- EXERCISE BRIEF
Please retype only the lines below that run from the one containing "Coastal Woven High-Back" through the last line, both included, without altering a word.
====== MATERIAL SUPPLIED
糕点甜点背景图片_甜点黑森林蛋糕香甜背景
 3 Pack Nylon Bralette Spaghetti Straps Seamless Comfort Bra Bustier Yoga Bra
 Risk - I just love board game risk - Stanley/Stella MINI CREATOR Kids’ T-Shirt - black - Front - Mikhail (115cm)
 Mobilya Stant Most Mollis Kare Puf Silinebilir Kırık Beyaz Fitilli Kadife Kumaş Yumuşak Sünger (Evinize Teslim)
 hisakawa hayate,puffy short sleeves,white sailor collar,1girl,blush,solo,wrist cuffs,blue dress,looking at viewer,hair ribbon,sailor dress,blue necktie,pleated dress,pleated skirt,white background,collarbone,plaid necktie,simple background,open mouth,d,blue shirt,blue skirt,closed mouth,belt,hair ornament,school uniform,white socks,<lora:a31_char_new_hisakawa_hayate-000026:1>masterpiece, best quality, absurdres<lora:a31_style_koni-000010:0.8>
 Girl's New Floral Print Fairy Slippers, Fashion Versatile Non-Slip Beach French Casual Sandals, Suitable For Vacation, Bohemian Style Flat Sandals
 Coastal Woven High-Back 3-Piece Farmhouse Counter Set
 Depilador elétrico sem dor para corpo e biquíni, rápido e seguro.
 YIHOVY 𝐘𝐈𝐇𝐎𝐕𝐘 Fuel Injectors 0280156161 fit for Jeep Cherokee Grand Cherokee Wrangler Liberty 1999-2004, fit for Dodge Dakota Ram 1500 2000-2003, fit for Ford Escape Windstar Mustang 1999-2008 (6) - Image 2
============
- SOLUTION TO THIS TASK
 Coastal Woven High-Back 3-Piece Farmhouse Counter Set
 Depilador elétrico sem dor para corpo e biquíni, rápido e seguro.
 YIHOVY 𝐘𝐈𝐇𝐎𝐕𝐘 Fuel Injectors 0280156161 fit for Jeep Cherokee Grand Cherokee Wrangler Liberty 1999-2004, fit for Dodge Dakota Ram 1500 2000-2003, fit for Ford Escape Windstar Mustang 1999-2008 (6) - Image 2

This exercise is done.